** Opening Data for the task block **

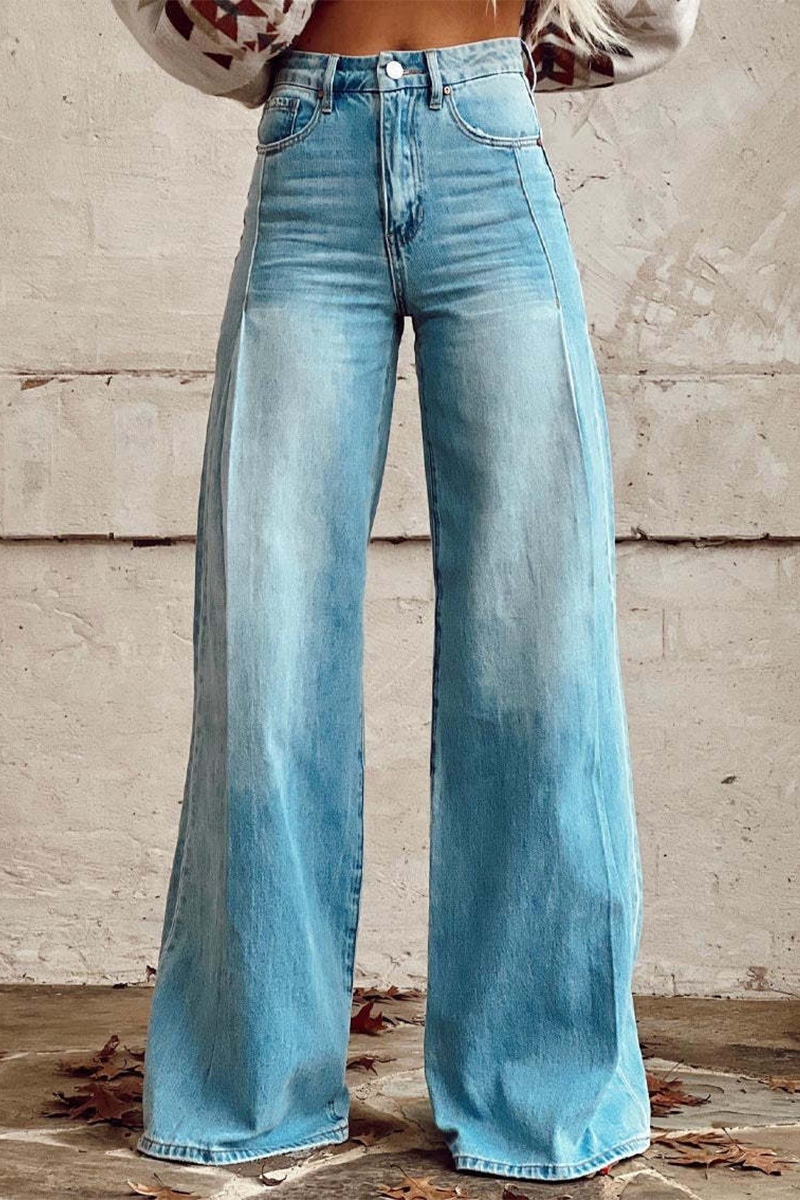 Cressida® | Casual street distressed buttons loose high waist wide leg pants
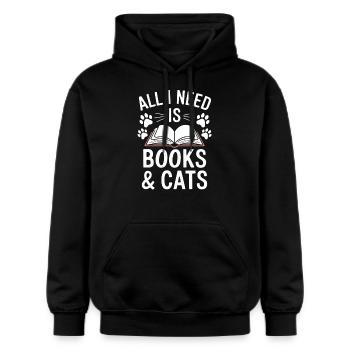 Buch lesen Katze Design Kätzchen Spruch - Gildan Unisex Softstyle® Midweight Hoodie - Schwarz - Vorne - Marisol (170cm) & Nik (191cm)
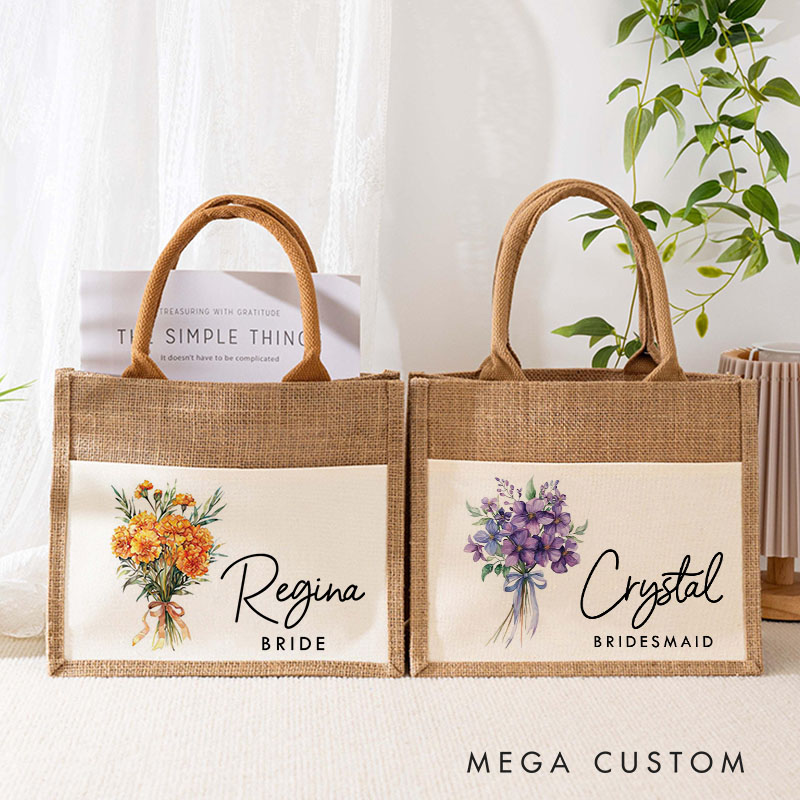 Personalized Bridesmaid Birth Flower Burlap Tote Bag Custom Bride Month Flower Wedding Beach Tote Bag Bachelorette Party Favors Bridal Shower Gift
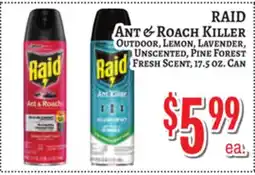 Trade Fair Supermarket RAID Ant & Roach Killer Outdoor, Lemon, Lavender, Unscented, Pine Forest Fresh Scent offer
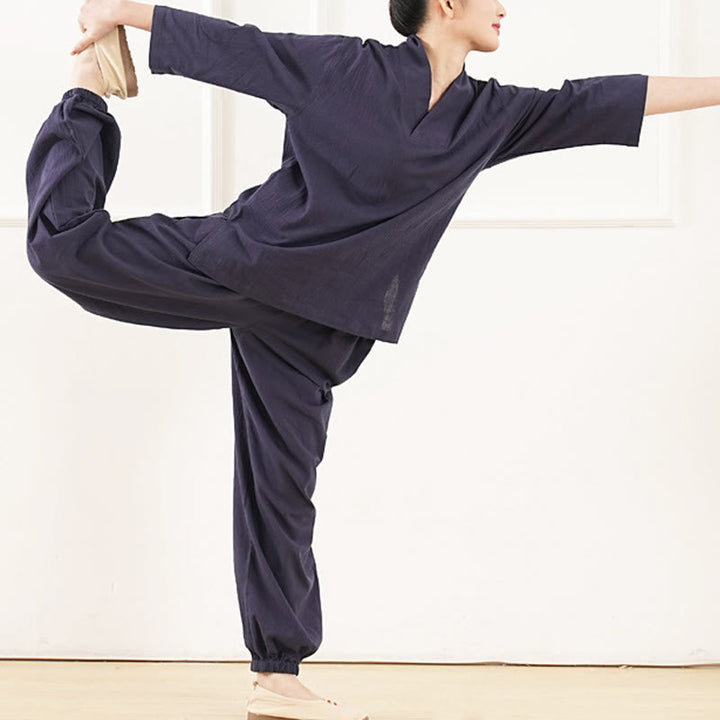 Buddha Stones 2Pcs V-Neck Three Quarter Sleeve Shirt Top Pants Meditation Zen Tai Chi Cotton Linen Clothing Women's Set - image 13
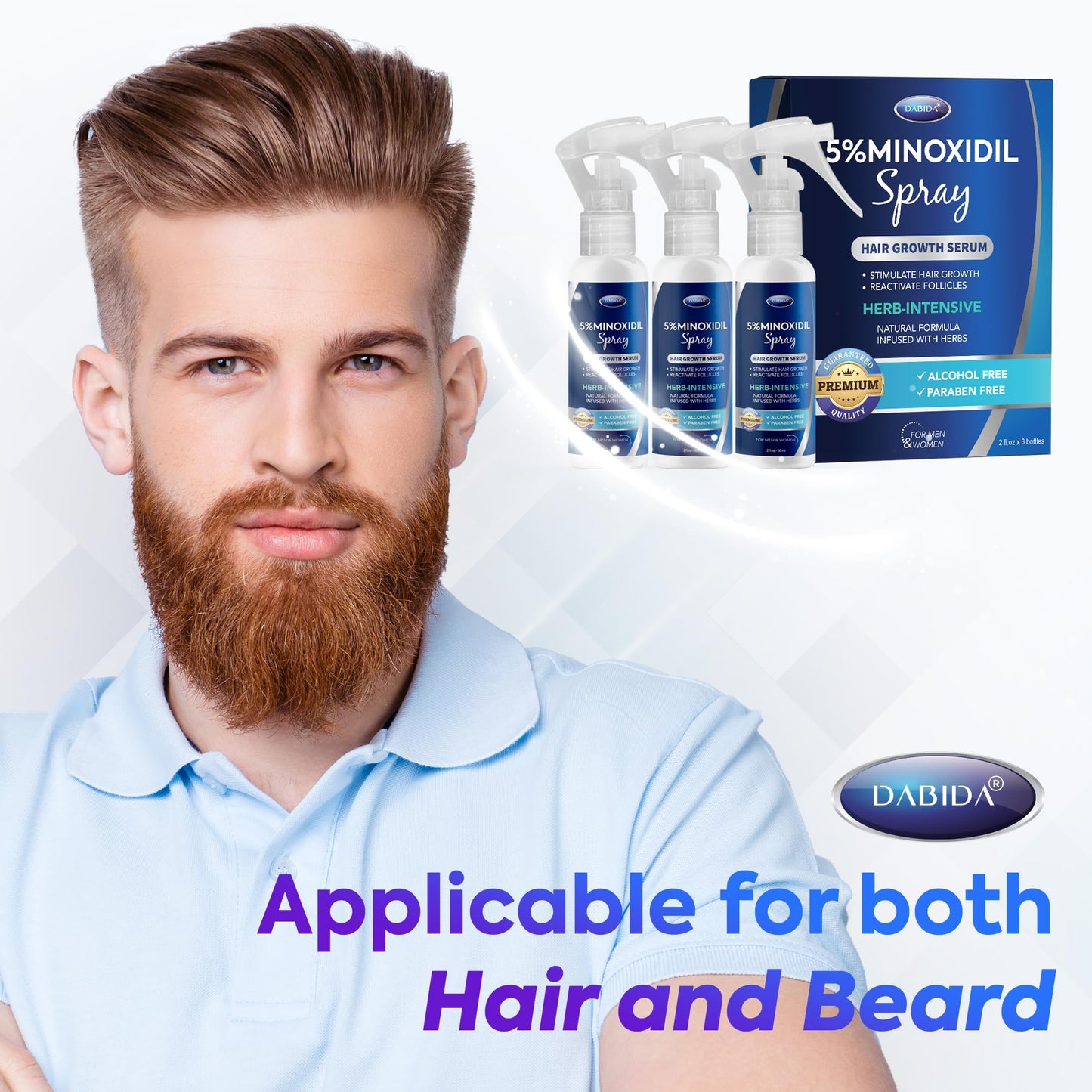 5% Minoxidil Hair Growth for Men and Women: Extra Strength Minoxidil and Biotin Beard Regrowth (2 Fl Oz, Spray 3pcs)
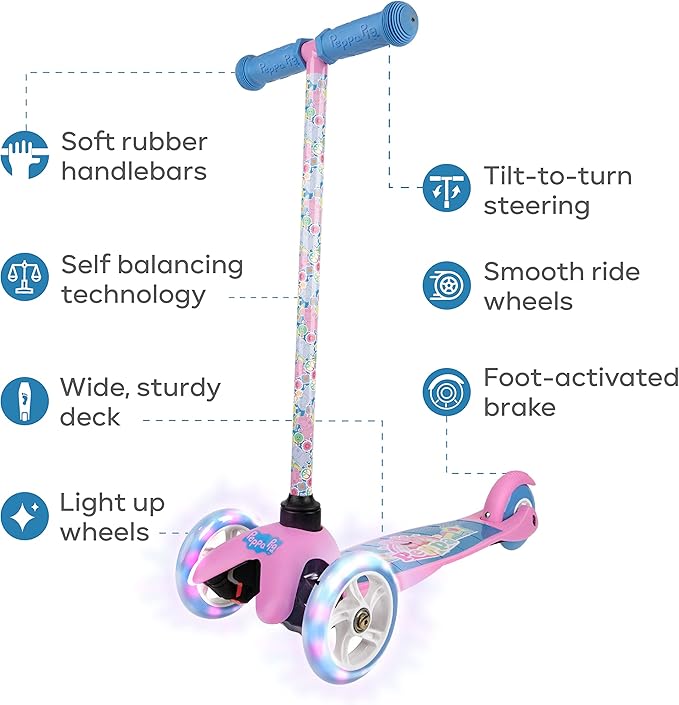 Scooter for Kids Ages 3-5 - Extra Wide Deck & Light Up Wheels, Self Balancing Kids Toys for Boys & Girls, Choose Your Favorite Character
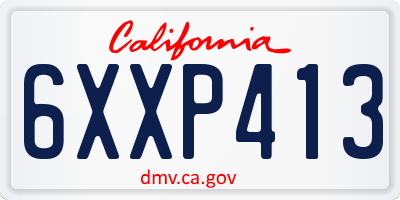 CA license plate 6XXP413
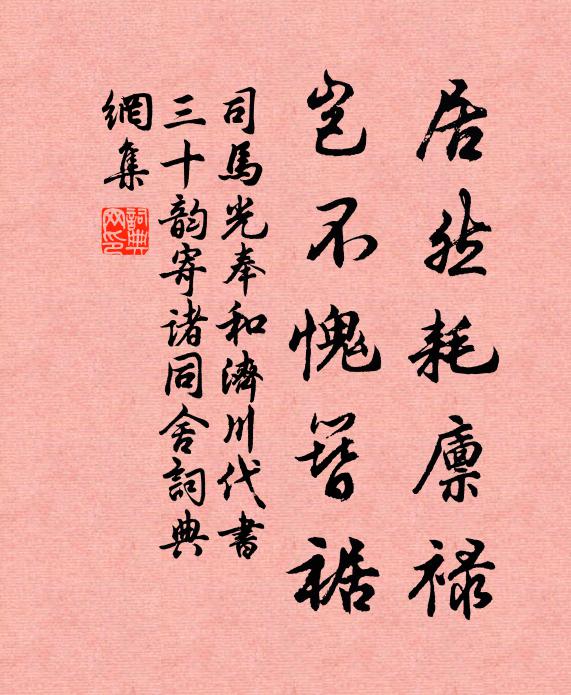 司马光居然耗廪禄，岂不愧簪裾书法作品欣赏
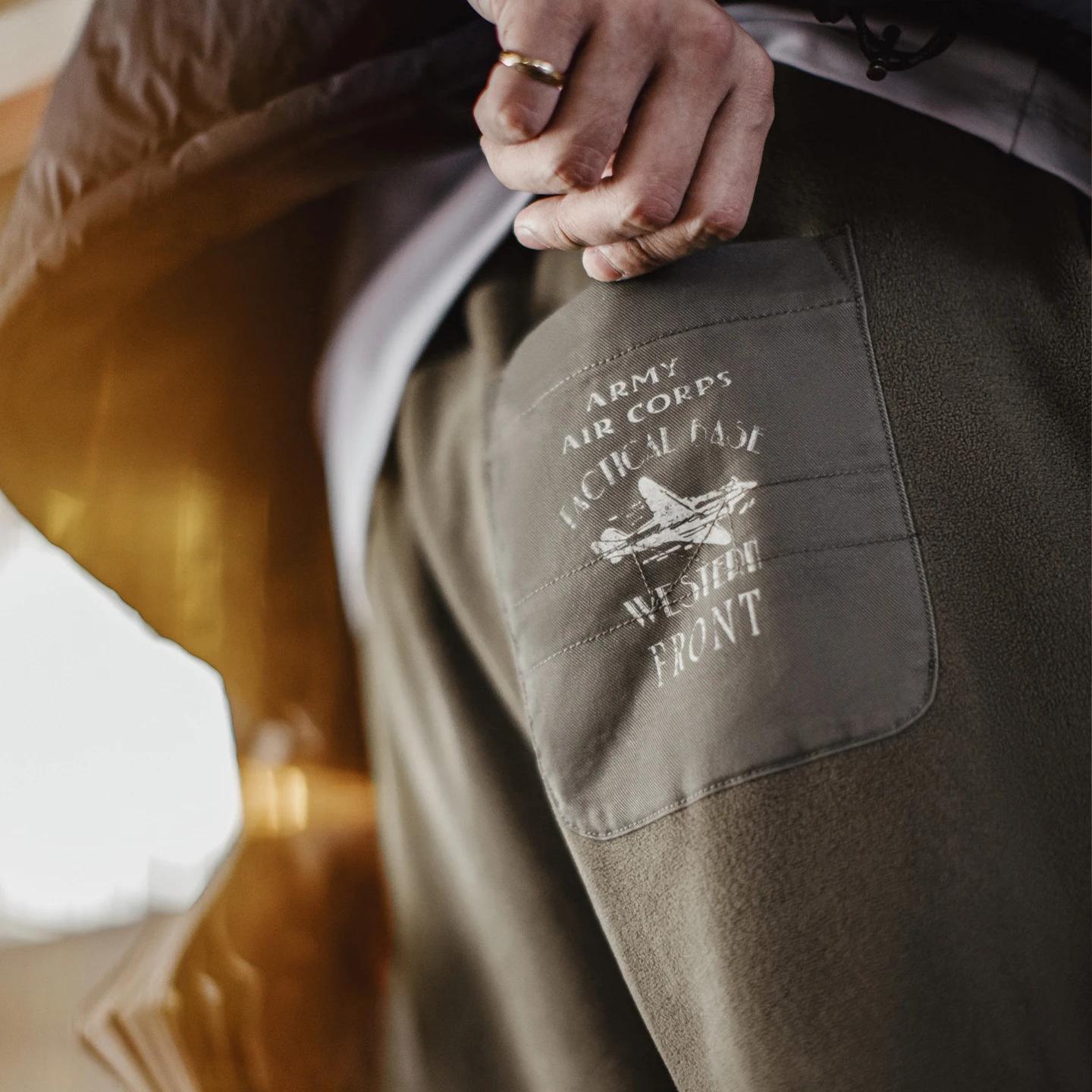 Maden Vintage hommes pantalon de survêtement en polaire brossé vert Olive pantalon thermique taille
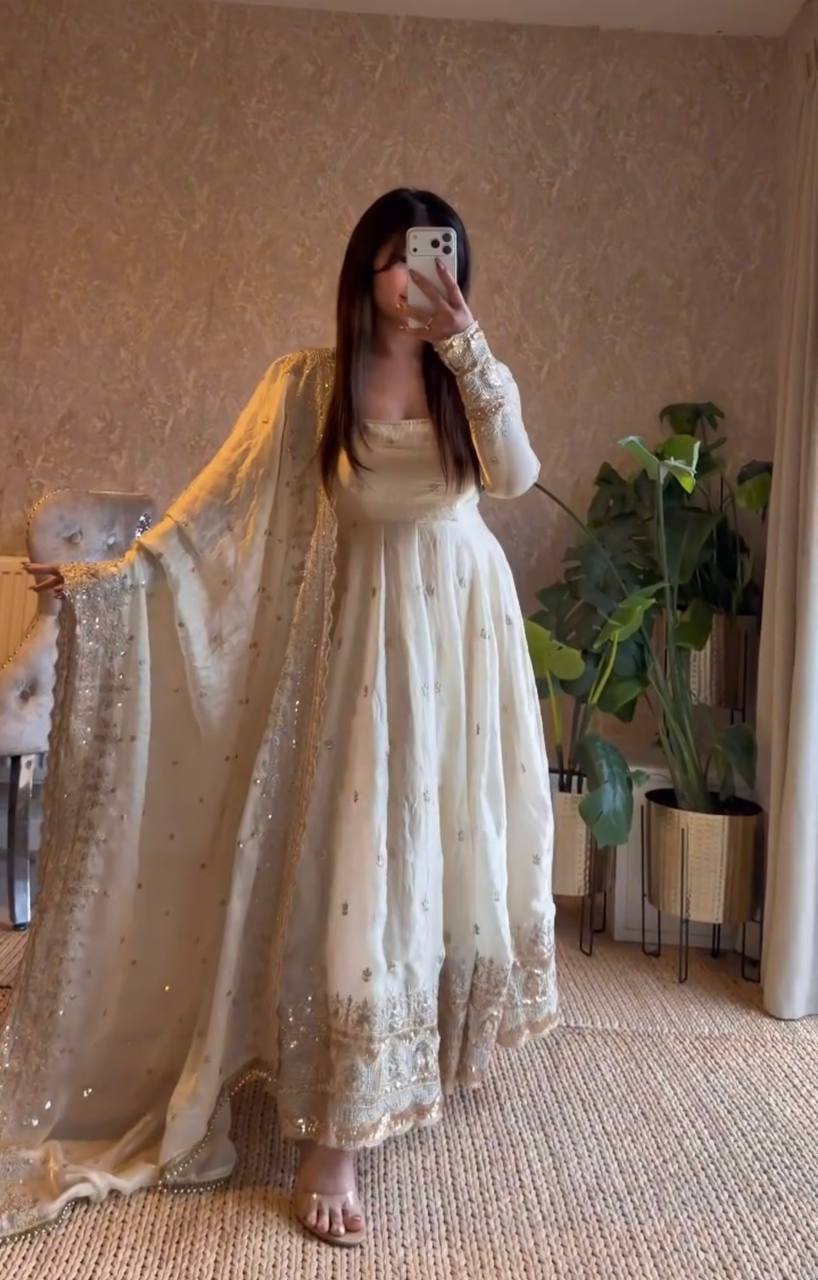 Ivory Embroidered Fendy Silk Anarkali with Dupatta & Pant for Women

** Closing Data for the task block **

→ Activity
Give back the listing exactly, with the pictures removed.

→ Answer area
 Cressida® | Casual street distressed buttons loose high waist wide leg pants
 Buch lesen Katze Design Kätzchen Spruch - Gildan Unisex Softstyle® Midweight Hoodie - Schwarz - Vorne - Marisol (170cm) & Nik (191cm)
 Personalized Bridesmaid Birth Flower Burlap Tote Bag Custom Bride Month Flower Wedding Beach Tote Bag Bachelorette Party Favors Bridal Shower Gift
 Trade Fair Supermarket RAID Ant & Roach Killer Outdoor, Lemon, Lavender, Unscented, Pine Forest Fresh Scent offer
 Buddha Stones 2Pcs V-Neck Three Quarter Sleeve Shirt Top Pants Meditation Zen Tai Chi Cotton Linen Clothing Women's Set - image 13
 5% Minoxidil Hair Growth for Men and Women: Extra Strength Minoxidil and Biotin Beard Regrowth (2 Fl Oz, Spray 3pcs)
 Scooter for Kids Ages 3-5 - Extra Wide Deck & Light Up Wheels, Self Balancing Kids Toys for Boys & Girls, Choose Your Favorite Character
 CA license plate 6XXP413
 司马光居然耗廪禄，岂不愧簪裾书法作品欣赏
 Maden Vintage hommes pantalon de survêtement en polaire brossé vert Olive pantalon thermique taille
 Ivory Embroidered Fendy Silk Anarkali with Dupatta & Pant for Women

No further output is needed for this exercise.